It is worth noting that control cell mapping is only done withi the same file (e.g., a perturbed cell will not get mapped to a control cell from a different h5 file, even if it has matched covariates).

2. Command Line Usage

The most common parameters for data loading are:

# Basic required parameters
data.kwargs.toml_config_path=/path/to/config.toml
data.kwargs.embed_key=X_hvg
data.kwargs.num_workers=24
data.kwargs.batch_col=gem_group
data.kwargs.pert_col=gene
data.kwargs.cell_type_key=cell_type
data.kwargs.control_pert=non-targeting

# Optional parameters
data.kwargs.barcode=true  # Enable cell barcode output
data.kwargs.perturbation_features_file=/path/to/gene_embeddings.pt
data.kwargs.output_space=gene
data.kwargs.basal_mapping_strategy=random
data.kwargs.n_basal_samples=1
data.kwargs.should_yield_control_cells=true
data.kwargs.val_subsample_batches=32  # STATE/Hydra knob to reduce validation batches
data.kwargs.use_consecutive_loading=true  # Faster IO, especially with output_space=all

These plug in as hydra configurable settings in the STATE repository. When use_consecutive_loading=true, data should be grouped by (cell_type, perturbation/condition) so each pair is contiguous within each H5/H5AD file. For example, avoid sequences like (ct1, pert1), (ct1, pert2), (ct1, pert1); Cell Load will raise an error if this assumption is violated (checked per file).

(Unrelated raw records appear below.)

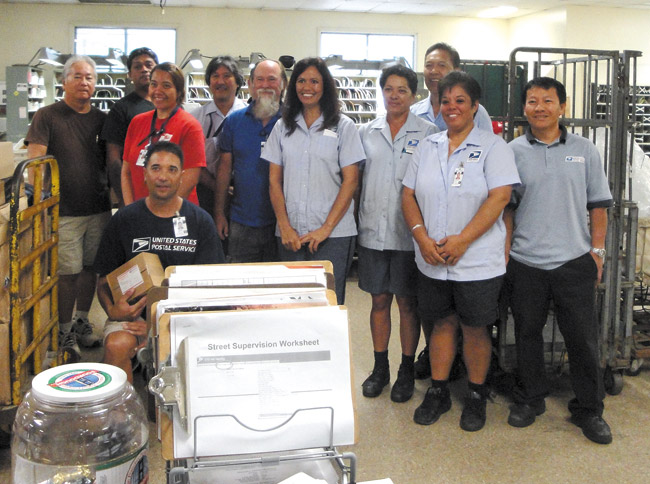 Kapaa Post Office staff celebrate after a big day of collecting donations for the food bank. Photo courtesy Hawaii Foodbank 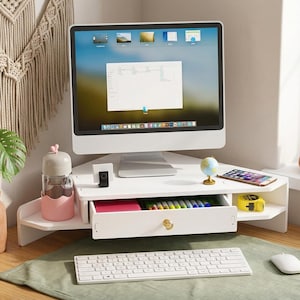 May include: A white corner monitor stand featuring a central drawer with a gold knob, side platforms for accessories, and a flat top surface. The stand holds a computer monitor, a small globe, a smartphone, and a yellow measuring tape.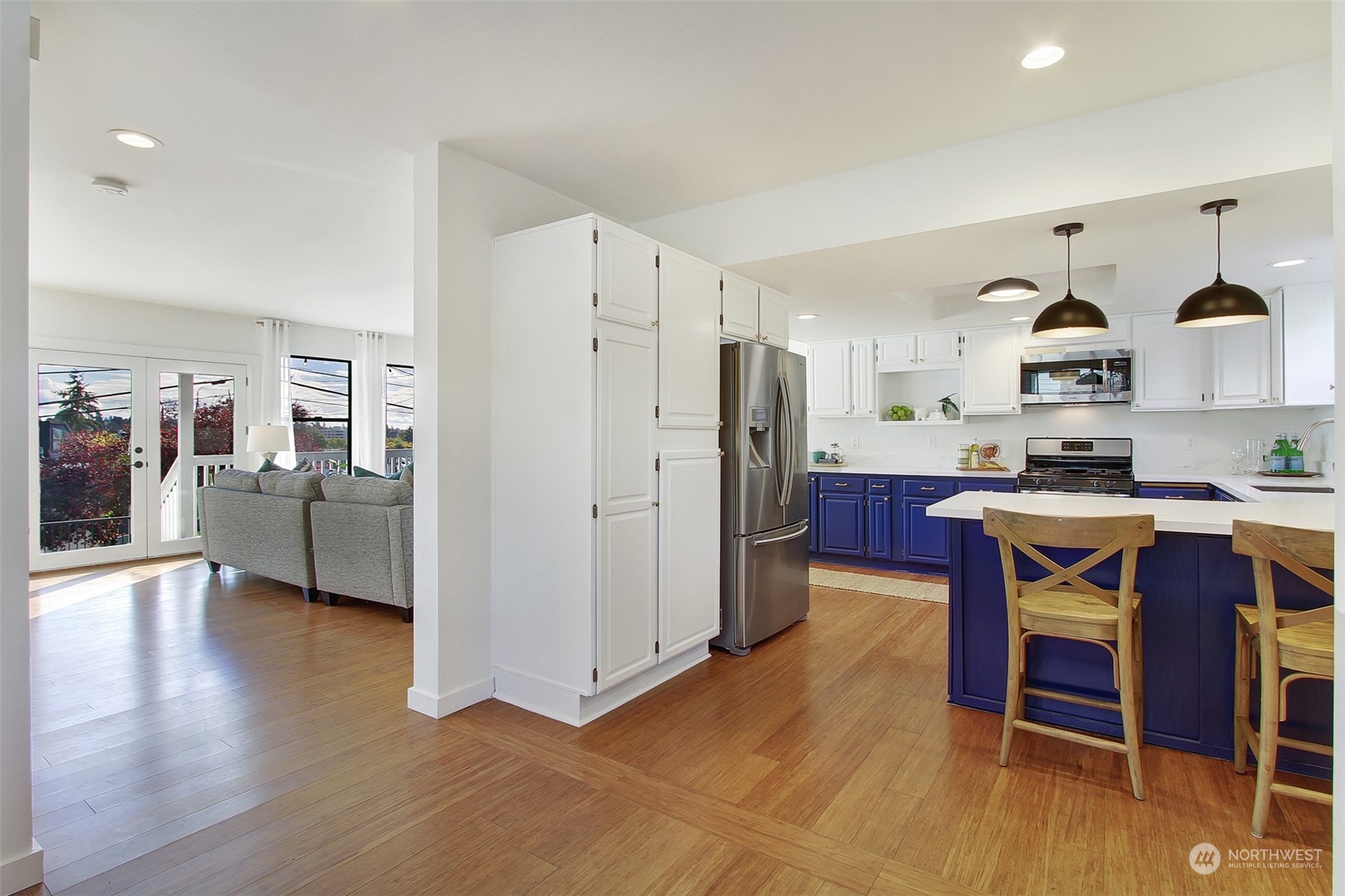 323 Northeast 76th Street Seattle, WA 98115 - Photo 9 of 33 a kitchen with stainless steel appliances kitchen island granite countertop a refrigerator a stove and white cabinets with wooden floor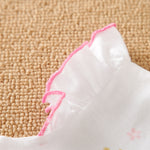 White fabric with pink trim on sleeve of baby romper on a textured beige surface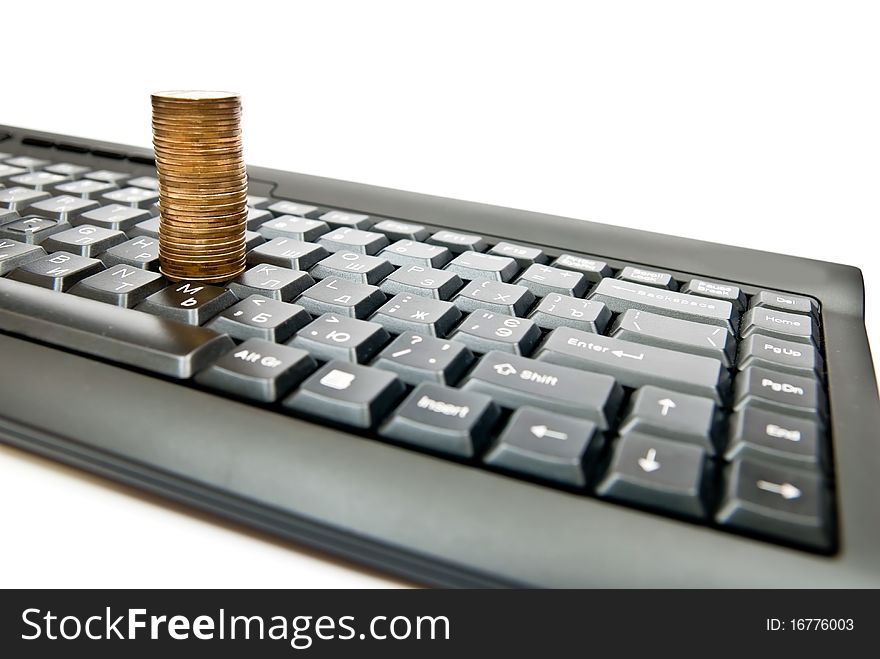 Heap of yellow coins on black keyboard. Heap of yellow coins on black keyboard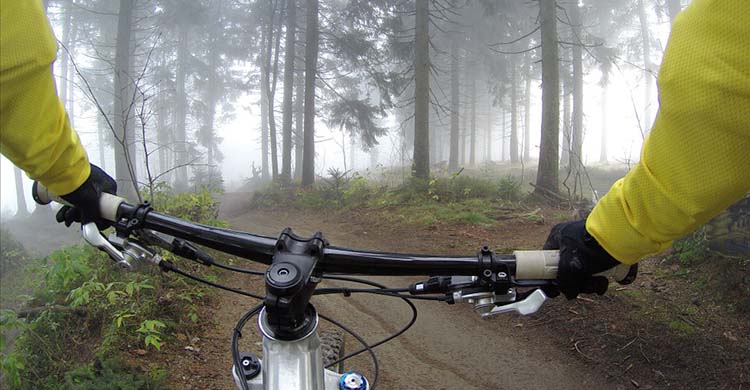 Un ciclista con la vista desde su cámara haciendo mountain bike.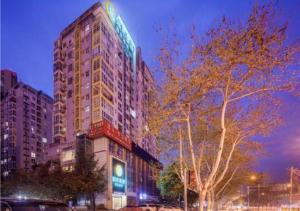 un edificio alto con un cartel en el costado en City Comfort Inn Chengdu Dongjiao Memory, en Chengdú
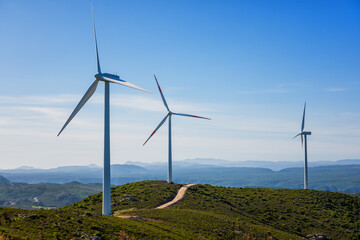 Wall Mural - wind turbines on a beautiful blue sky in a mountain wind farm in sardinia. renewable energy concept,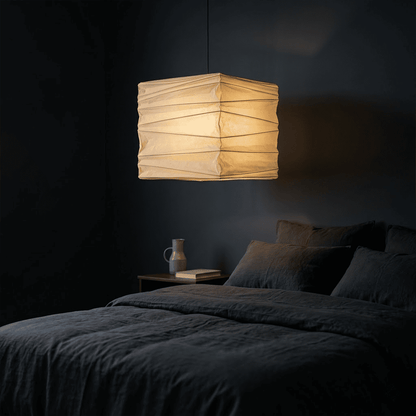 A handcrafted, square Washi paper pendant lamp (Model 33X)—suspended within a room—exudes an innate artistic flair, showcasing the distinctive texture and grain of mulberry bark paper.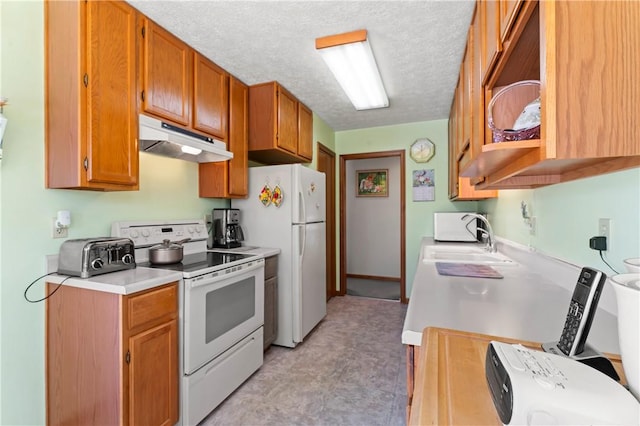 kitchen featuring sink, a textured ceiling, and white appliances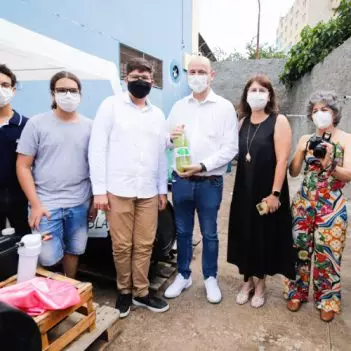 Alunos e professores posam para foto com biogás em uma garrafa pet, resultado do projeto de ciências Tesla.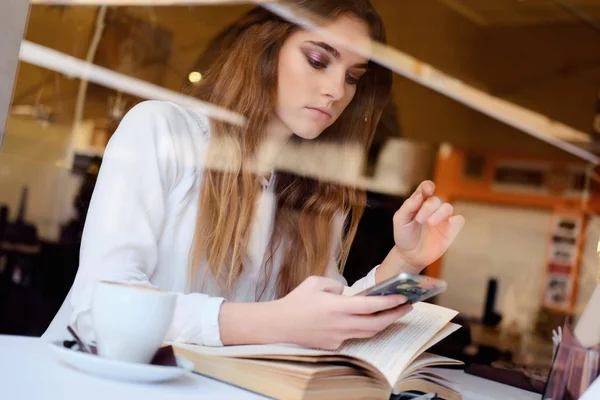 Ung brunett med en smartphone som sitter i en restaurang — Stockfoto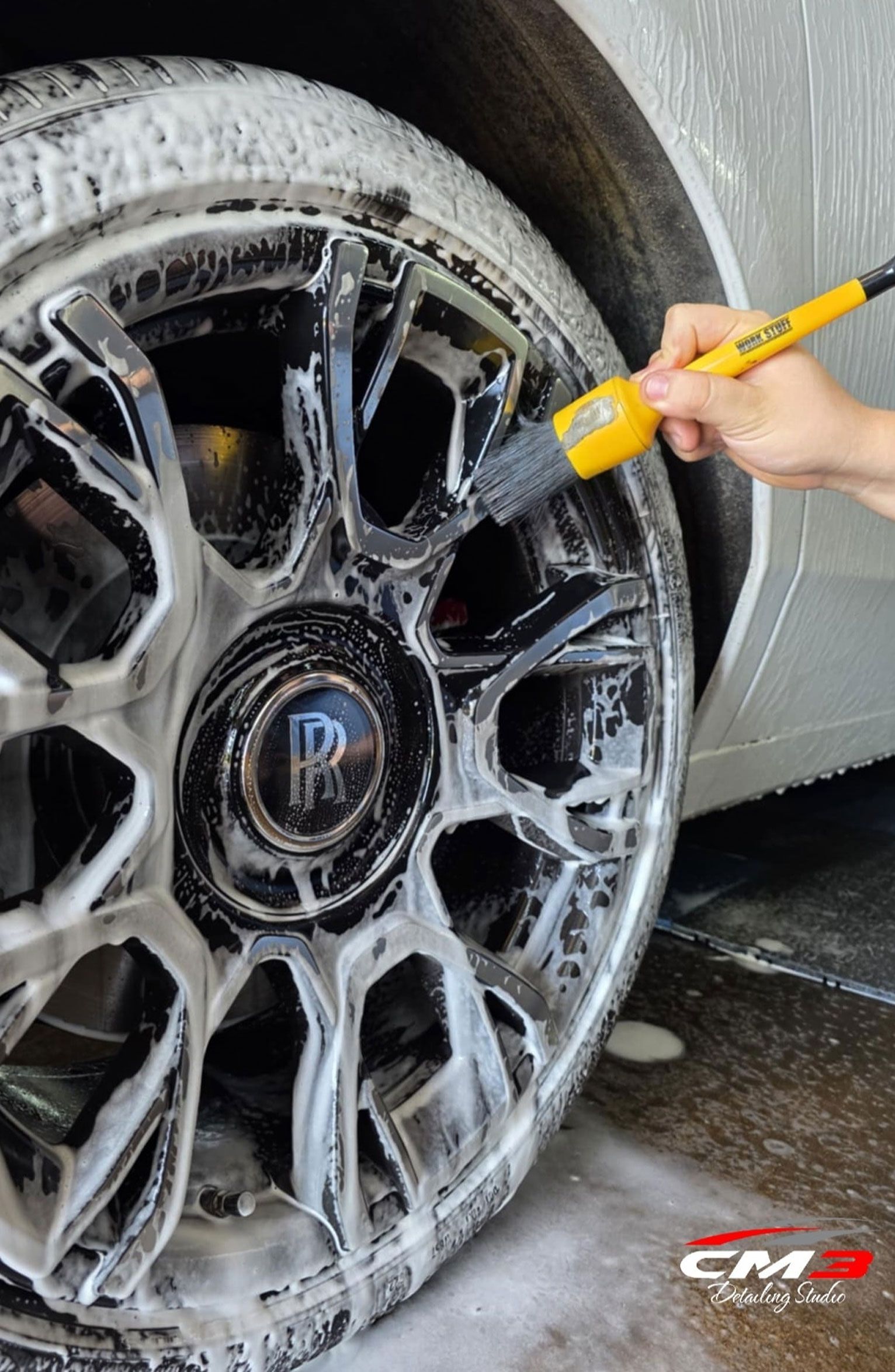Cleaning a car wheel with a brush and soapy foam.
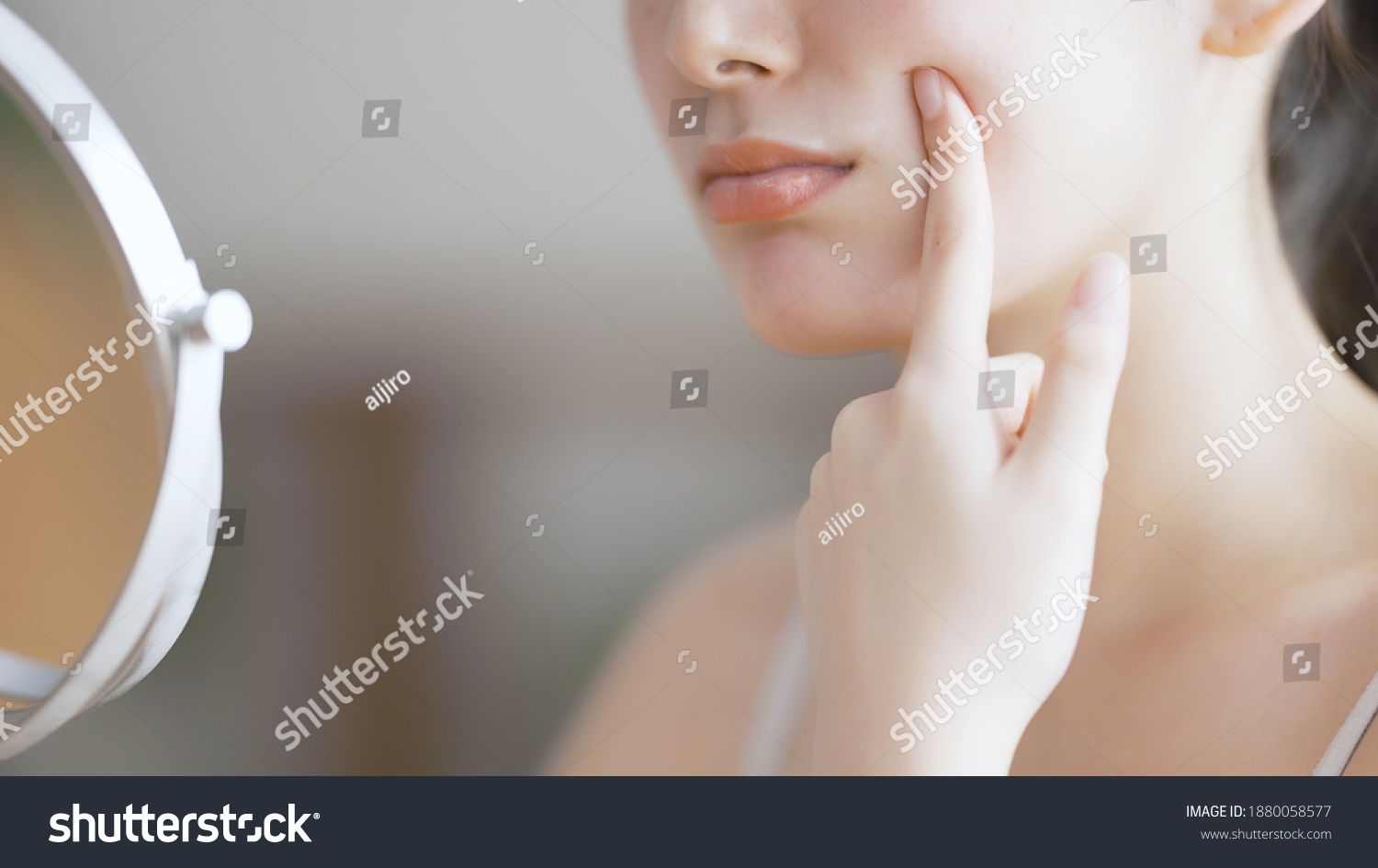 Young woman doing skin care #1880058577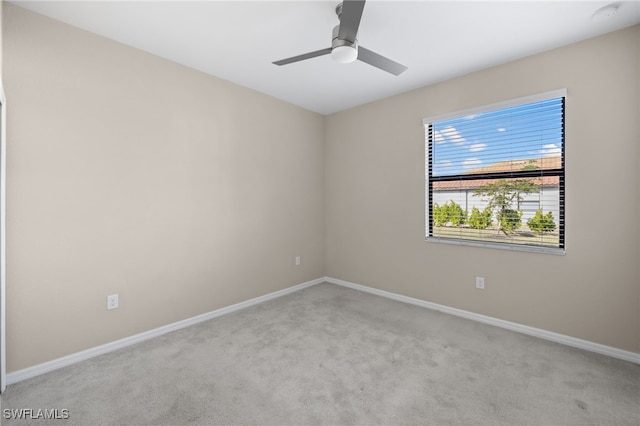 carpeted empty room featuring ceiling fan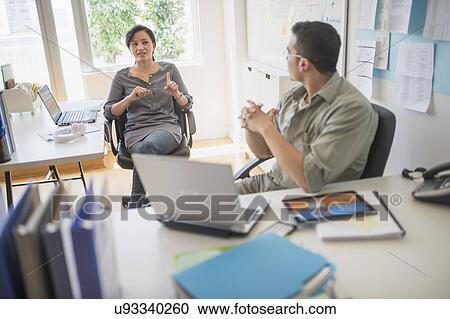 Stock Image - Couple working in office. Fotosearch
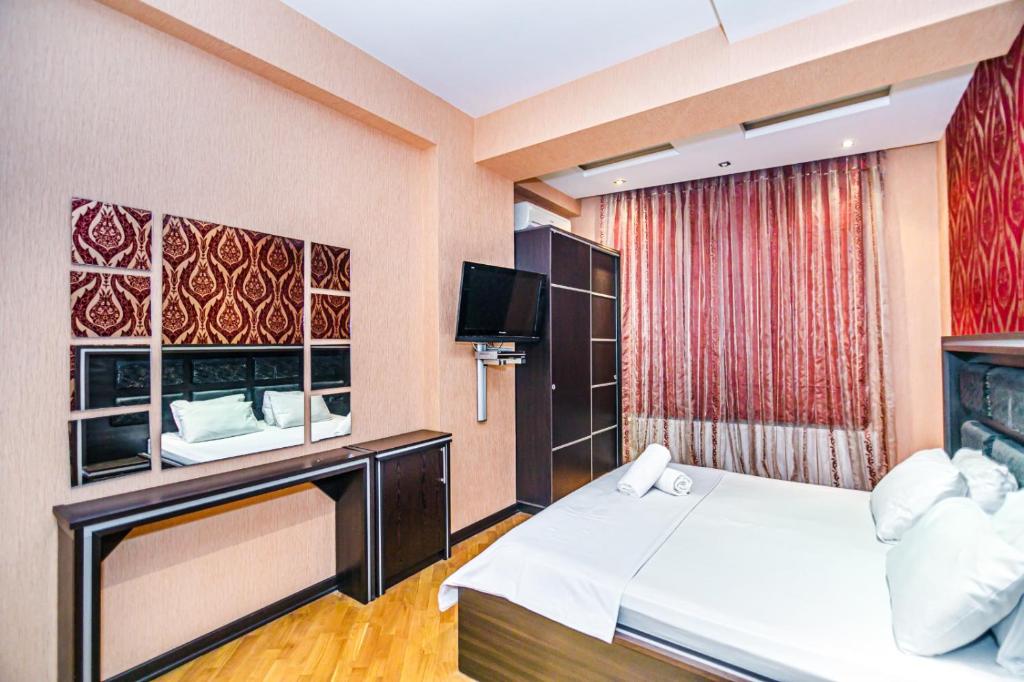 Ένα ή περισσότερα κρεβάτια σε δωμάτιο στο Delux apartment near winter park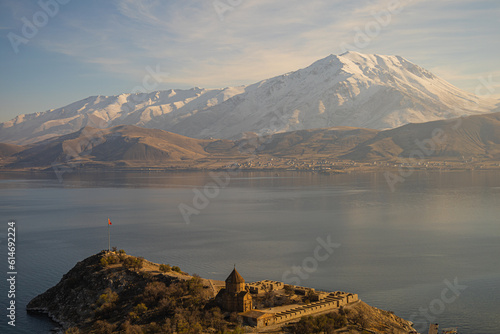 An old church and holy mountain in Lake Van, Turkey photo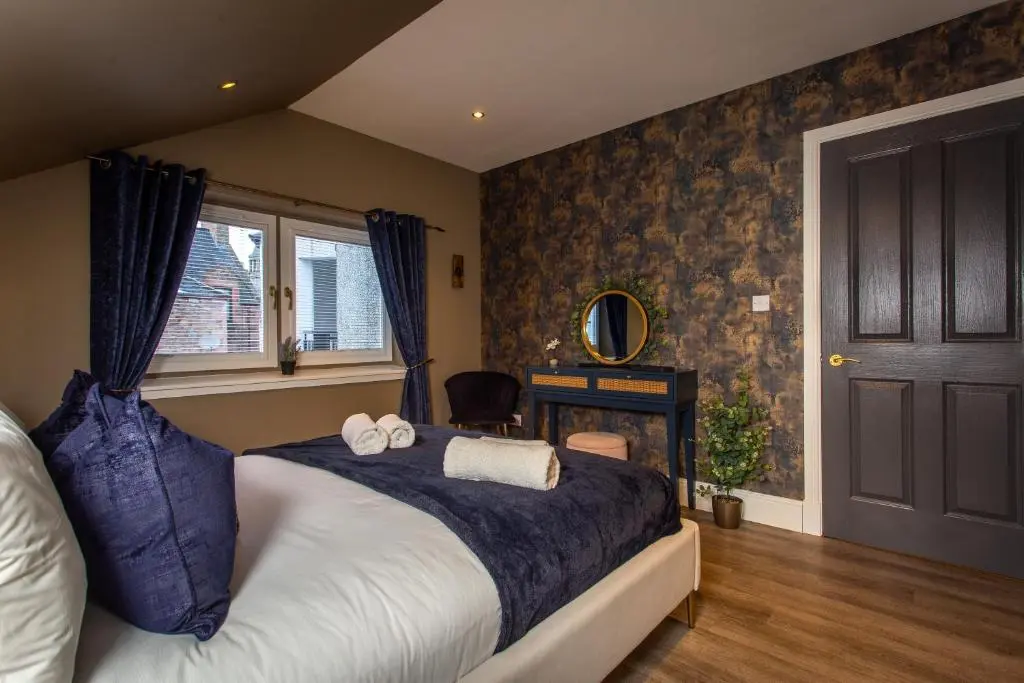 a bedroom with a bed with two towels on it at 17 at the Bell Tower in Inverness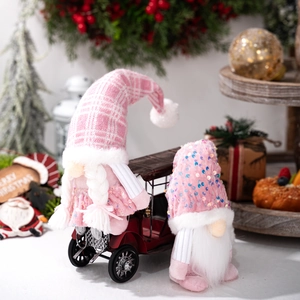 Pink Christmas gnomes with sequins and plaid hats on a vintage red truck decoration
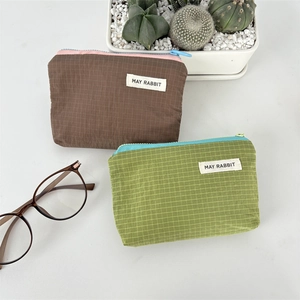 Detail of checkered nylon mini pouches with vibrant contrasting zippers and woven label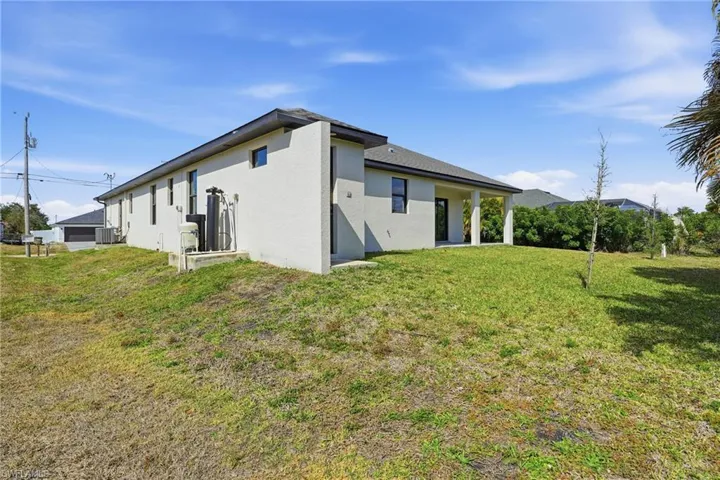 Back of property with stucco siding, a yard, and a patio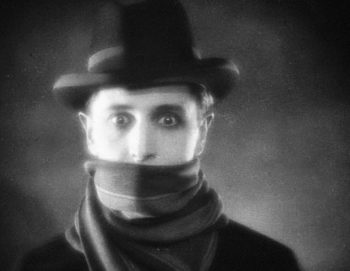 Le visage du "lodger", le locataire du film muet de Hitchcock, joué par la vedette Ivor Novello ; l'homme porte un chapeau noir et a la bouche recouverte d'une écharpe également enroulée autour de son cou ; il a le teint pâle, tranchant avec ses vêtements sombres, et écarquille grand les yeux ; plan du film LES CHEVEUX D'OR (THE LODGER), réédité par Elephant Films.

3. Standalone Programmatic Usage

from cell_load.data_modules import PerturbationDataModule

dm = PerturbationDataModule(
    # Required parameters
    toml_config_path="/path/to/config.toml",
    embed_key="X_hvg",
    num_workers=24,
    batch_col="gem_group",
    pert_col="gene",
    cell_type_key="cell_type",
    control_pert="non-targeting",
    
    # Optional parameters
    barcode=True,  # Enable cell barcode output
    perturbation_features_file="/path/to/gene_embeddings.pt",
    output_space="gene",
    basal_mapping_strategy="random",
    n_basal_samples=1,
    should_yield_control_cells=True,
    val_subsample_fraction=0.25,
    use_consecutive_loading=True,
    batch_size=128,
)
dm.setup()

# Get training data
train_loader = dm.train_dataloader()
for batch in train_loader:
    # batch contains:
    # - pert_cell_emb: perturbed cell embeddings
    # - ctrl_cell_emb: control cell embeddings
    # - pert_emb: perturbation one-hot encodings or embeddings
    # - pert_name: perturbation names
    # - cell_type: cell types
    # - batch: batch information
    # - pert_cell_barcode: cell barcodes (if barcode=True)
    # - ctrl_cell_barcode: control cell barcodes (if barcode=True)
    pass

Preprocessing

Cell Load provides several preprocessing utilities to help with data quality control and filtering before training.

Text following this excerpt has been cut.